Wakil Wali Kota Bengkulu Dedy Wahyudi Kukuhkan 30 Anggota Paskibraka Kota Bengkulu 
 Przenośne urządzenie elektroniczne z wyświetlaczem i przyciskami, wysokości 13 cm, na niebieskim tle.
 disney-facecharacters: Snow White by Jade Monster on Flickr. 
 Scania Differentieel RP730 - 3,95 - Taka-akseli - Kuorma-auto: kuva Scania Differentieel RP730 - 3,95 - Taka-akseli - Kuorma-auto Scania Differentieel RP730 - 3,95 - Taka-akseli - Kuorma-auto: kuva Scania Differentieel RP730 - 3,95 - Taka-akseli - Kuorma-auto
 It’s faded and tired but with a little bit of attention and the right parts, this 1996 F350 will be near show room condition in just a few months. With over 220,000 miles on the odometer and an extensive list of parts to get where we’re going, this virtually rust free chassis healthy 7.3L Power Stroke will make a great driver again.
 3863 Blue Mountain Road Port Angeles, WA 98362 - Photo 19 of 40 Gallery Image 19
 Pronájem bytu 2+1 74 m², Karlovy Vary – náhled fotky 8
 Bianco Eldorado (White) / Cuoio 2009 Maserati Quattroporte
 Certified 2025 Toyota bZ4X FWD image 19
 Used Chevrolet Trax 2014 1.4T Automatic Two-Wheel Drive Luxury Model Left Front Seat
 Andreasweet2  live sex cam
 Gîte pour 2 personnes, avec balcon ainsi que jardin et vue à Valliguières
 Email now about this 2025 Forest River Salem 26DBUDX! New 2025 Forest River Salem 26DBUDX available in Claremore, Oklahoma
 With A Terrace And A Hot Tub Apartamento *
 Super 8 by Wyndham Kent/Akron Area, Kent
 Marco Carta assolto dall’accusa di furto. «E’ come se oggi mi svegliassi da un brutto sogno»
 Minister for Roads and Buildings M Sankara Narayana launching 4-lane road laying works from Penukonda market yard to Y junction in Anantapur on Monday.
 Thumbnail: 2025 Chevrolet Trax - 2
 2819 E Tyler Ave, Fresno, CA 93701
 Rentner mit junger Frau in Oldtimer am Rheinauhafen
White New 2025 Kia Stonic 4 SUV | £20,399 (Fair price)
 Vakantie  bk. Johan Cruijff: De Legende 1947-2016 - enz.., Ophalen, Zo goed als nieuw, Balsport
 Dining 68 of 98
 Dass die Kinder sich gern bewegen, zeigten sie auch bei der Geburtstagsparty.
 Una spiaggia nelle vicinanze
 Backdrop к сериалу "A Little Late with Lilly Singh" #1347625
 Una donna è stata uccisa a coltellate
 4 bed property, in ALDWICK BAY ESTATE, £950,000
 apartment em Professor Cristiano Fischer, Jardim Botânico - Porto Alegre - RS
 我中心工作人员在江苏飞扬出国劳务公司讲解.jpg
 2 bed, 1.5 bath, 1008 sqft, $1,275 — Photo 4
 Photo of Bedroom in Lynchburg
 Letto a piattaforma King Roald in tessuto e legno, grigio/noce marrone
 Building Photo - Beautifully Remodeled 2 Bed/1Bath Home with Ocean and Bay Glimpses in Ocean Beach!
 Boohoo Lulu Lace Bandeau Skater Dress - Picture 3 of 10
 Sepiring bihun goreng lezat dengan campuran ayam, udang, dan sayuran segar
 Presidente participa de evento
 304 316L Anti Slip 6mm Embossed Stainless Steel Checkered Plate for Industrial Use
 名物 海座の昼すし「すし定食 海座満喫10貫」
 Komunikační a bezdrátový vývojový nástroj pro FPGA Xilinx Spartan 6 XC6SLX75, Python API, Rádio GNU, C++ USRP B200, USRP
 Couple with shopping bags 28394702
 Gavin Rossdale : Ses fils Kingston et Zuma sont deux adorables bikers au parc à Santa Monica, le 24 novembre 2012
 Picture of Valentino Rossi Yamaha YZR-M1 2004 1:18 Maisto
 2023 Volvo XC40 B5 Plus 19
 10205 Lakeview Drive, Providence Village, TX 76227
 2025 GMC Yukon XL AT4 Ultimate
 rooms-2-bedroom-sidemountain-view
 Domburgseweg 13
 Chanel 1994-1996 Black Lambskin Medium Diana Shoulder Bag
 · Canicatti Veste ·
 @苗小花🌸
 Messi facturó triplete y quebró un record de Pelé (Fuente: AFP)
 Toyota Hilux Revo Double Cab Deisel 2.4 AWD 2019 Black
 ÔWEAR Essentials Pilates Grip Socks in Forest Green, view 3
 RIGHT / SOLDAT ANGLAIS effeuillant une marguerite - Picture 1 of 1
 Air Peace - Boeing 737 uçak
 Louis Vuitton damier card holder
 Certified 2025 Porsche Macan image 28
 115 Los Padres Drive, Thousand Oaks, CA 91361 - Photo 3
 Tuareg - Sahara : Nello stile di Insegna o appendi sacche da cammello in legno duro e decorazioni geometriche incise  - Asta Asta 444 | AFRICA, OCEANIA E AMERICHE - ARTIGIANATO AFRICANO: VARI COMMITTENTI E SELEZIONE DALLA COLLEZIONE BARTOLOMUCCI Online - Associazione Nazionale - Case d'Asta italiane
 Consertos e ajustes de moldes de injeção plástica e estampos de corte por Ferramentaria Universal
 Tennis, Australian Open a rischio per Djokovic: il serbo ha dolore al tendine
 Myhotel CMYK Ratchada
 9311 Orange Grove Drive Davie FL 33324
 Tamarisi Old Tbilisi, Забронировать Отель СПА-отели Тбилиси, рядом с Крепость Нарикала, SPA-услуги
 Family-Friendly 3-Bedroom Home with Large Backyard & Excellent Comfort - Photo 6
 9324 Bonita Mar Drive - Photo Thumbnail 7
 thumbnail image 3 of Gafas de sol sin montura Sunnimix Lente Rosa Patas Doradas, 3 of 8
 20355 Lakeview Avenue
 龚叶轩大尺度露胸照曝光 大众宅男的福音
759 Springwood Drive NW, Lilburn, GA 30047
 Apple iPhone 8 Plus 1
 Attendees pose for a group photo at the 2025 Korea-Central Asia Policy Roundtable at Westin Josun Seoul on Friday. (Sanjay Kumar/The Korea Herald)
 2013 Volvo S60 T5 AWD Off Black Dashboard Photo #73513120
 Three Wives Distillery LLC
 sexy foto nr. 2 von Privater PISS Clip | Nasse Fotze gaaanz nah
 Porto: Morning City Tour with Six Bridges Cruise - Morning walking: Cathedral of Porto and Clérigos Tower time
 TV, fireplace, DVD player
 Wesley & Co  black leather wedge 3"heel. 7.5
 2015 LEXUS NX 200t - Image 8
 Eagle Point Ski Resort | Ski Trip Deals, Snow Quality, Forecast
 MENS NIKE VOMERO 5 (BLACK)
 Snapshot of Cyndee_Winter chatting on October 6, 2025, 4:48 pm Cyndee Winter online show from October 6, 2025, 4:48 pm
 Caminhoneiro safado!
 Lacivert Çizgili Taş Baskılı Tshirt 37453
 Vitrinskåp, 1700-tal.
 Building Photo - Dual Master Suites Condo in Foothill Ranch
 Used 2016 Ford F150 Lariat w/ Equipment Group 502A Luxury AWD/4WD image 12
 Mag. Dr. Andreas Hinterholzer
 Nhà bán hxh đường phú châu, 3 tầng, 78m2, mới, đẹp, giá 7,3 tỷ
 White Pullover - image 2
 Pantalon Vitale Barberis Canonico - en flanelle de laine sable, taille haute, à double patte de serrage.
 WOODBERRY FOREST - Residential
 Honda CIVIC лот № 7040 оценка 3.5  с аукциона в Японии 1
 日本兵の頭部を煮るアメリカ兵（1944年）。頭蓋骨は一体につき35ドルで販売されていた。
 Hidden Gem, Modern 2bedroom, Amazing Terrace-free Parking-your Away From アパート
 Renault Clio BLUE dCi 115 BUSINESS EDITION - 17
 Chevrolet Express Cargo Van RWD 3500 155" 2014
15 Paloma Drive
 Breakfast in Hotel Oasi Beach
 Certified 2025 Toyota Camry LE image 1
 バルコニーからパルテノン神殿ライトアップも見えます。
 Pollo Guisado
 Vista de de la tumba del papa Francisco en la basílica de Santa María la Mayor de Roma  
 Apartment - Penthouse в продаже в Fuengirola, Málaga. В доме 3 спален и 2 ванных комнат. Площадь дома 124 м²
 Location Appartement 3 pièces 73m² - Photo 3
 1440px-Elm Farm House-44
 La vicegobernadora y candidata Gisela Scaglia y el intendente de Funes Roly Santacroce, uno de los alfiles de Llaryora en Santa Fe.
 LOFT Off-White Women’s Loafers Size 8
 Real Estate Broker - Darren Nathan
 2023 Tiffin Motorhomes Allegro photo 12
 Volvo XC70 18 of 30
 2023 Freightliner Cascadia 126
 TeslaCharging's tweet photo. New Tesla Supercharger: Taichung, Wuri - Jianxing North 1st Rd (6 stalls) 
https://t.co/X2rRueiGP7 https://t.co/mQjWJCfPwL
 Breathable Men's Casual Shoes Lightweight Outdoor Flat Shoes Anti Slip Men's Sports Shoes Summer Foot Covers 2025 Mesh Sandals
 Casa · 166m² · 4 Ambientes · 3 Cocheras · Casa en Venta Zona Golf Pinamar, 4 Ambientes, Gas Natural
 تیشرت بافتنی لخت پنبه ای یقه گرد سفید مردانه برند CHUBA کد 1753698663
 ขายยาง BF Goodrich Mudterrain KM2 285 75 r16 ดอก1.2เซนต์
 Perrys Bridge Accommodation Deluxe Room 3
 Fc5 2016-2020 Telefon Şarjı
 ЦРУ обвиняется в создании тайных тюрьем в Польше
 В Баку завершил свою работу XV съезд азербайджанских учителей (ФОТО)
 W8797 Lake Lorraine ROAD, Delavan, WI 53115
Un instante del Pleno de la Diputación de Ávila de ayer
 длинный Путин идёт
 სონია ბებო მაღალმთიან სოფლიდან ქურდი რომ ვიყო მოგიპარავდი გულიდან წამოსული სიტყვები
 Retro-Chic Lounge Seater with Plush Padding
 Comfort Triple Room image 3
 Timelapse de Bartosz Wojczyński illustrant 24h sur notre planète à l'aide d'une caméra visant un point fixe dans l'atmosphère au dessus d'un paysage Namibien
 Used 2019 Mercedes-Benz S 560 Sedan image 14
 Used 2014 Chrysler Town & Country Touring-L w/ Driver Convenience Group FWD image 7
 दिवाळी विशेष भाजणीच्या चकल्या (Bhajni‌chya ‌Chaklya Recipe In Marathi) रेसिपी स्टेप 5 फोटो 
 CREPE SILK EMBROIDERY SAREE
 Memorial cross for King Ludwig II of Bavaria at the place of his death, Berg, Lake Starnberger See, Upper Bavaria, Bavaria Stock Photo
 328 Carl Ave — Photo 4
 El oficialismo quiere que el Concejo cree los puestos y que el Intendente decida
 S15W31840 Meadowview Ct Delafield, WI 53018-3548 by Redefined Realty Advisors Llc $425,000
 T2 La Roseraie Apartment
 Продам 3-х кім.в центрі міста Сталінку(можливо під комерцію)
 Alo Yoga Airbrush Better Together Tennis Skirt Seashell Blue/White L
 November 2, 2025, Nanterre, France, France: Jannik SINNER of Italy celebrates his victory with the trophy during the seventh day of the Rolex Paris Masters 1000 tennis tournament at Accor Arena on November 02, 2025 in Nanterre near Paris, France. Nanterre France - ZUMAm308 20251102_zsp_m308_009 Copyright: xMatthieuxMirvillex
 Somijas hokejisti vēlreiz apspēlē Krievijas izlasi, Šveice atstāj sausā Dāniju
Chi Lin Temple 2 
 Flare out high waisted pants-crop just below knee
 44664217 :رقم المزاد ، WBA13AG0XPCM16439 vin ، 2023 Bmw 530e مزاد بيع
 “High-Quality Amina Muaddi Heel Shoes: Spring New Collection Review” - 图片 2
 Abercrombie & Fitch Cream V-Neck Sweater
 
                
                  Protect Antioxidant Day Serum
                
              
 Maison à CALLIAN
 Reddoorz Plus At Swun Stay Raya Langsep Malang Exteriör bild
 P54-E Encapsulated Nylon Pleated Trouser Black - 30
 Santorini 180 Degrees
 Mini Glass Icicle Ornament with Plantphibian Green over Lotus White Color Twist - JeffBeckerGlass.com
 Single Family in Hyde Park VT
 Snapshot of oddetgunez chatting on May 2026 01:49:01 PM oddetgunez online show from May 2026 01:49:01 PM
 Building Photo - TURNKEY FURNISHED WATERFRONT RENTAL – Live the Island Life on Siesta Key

------------------------------------------------------------------------

- Work instructions
Reproduce the lines of the entries above from the one with "Rentner mit junger" to the one with "Una spiaggia nelle vicinanze", both included, exactly and without any other line.

- Response area
 Rentner mit junger Frau in Oldtimer am Rheinauhafen
White New 2025 Kia Stonic 4 SUV | £20,399 (Fair price)
 Vakantie  bk. Johan Cruijff: De Legende 1947-2016 - enz.., Ophalen, Zo goed als nieuw, Balsport
 Dining 68 of 98
 Dass die Kinder sich gern bewegen, zeigten sie auch bei der Geburtstagsparty.
 Una spiaggia nelle vicinanze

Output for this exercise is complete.